5 tips for finding the right buy-to-let mortgage

Getting a mortgage that suits your needs as a landlord is incredibly important if you want to maximise your return on investment. In this article, Matt Stevens from The Mortgage Genie, who offer a brokerage service for buy-to-let mortgages, offers his top five tips for finding the right deal.

Are you thinking about buying a property to rent out? Since the 1980s, the buy-to-let market has been providing additional income to landlords, and with around one quarter of UK households expected to rent privately by 2021 (Knight Frank), it looks like demand will only getting higher.

Once you’ve found the right property to rent out, you will need to navigate the buy-to-let mortgage market to secure a deal that will not only be affordable, but will help to provide a return on investment. However, the process of finding the right product and applying can prove to be a challenge — especially for new landlords. So, that’s why I’ve put together my top five tips for doing exactly that.

Do your research before taking the plunge

Though you’ve probably successfully applied for a residential mortgage or two in the past, it pays to familiarise yourself with the ins and outs of the buy-to-let mortgage market before applying. Doing some research into what to expect will mean there are no surprises when the time comes to sit down and complete your paperwork.

While buy-to-let deals have much in common with standard home loans, there are some big differences. For one, the deposits you’re expected to pay upfront are larger: 25% of the property value is usually minimum, running all the way up to 40%.

Another difference is in the way that buy-to-let mortgages are repaid. Most are interest-only, where you only pay the interest each month and the original debt is cleared when the property is sold. This differs from a regular mortgage where you are able to repay some of the original loan. The result is a debt that remains static until you decide to sell.

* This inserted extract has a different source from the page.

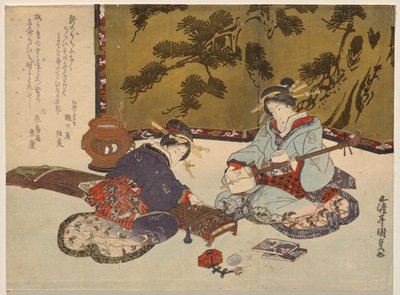 Due cortigiane che suonano strumenti musicali da Utagawa Kunisada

Know how much rent you could potentially earn

A bank or building society will also assess a buy-to-let mortgage differently to how they would a regular mortgage. Rather than looking at your income, they look at the expected rental income of the property, with the majority of lenders wanting an annual rental income of 125% of your annual interest payments. This makes it crucial to know what rent you could potentially earn so that you can apply for the right mortgage.

To find out how much annual rental income you could be in line to earn, you need to research the market in the area of your desired property. Look at local listings for rentals and see what landlords are charging for similar houses or flats and use this information to work out if you will be able to afford to pay back 125% of the interest on any mortgage deal you are considering. If you can’t afford to cover the cost, you will likely be turned down.

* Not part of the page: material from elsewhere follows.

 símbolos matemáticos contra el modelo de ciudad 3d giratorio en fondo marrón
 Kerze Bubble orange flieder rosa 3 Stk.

Look at the bigger picture when choosing a product

When you are considering which buy-to-let mortgage product to choose, it’s easy to get distracted by rates, deposits, and fees, rather than looking at the long-term cost. Chances are that you will be planning to keep your property for quite a few years, so it pays to look at the Annual Percentage Rate of Charge (APRC). This tells you how much your mortgage would cost you each year if you keep the property for the duration of the term, including the main rate and any introductory rates or fees.

Any mortgage provider or advisor has to give you the APRC as part of a quote, as required by law. It will give you a look at the bigger picture when it comes to a particular mortgage product and will help you pick one that is beneficial overall, rather than in the short-term. However, it is worth remembering that you may find a better deal down the line and choose to remortgage, so the APRC is not the be-all and end-all of your financial future, but rather a snapshot of how it could look.

Seek professional advice

When you are entering the buy-to-let mortgage market, it can be beneficial to have someone who knows it well to help you find the right deal. That’s why you should consider employing the services of a mortgage broker who can work with you to create a shortlist and get your application together.

A good broker will sit you down and find out about your personal circumstances and what you want from your buy-to-let. And, many brokers also have access to exclusive deals and specialist lenders that aren’t available to people who decide to go it alone.

Keep an eye on your mortgage rate
Finding a good buy-to-let mortgage doesn’t end when you sign the agreement on your contract. You may see a better deal available further down the road that will provide better value to you or suit a change in your financial circumstances, and it’s important to remember you can remortgage to get that deal.

Therefore, it’s wise to keep an eye on your current deal and the mortgage market to see if you could switch to a better rate. You should keep a record of when any introductory rate ends, as this will often end up with you being switched to a higher interest rate. As a general rule, it’s worth reviewing the status on your mortgage and the state of the market on an annual basis to make sure you don’t miss out on an opportunity.

I hope these five tips will help you to get the best possible buy-to-let mortgage deal. Keep them in mind and you’ll be in the best position you can be to enter the market.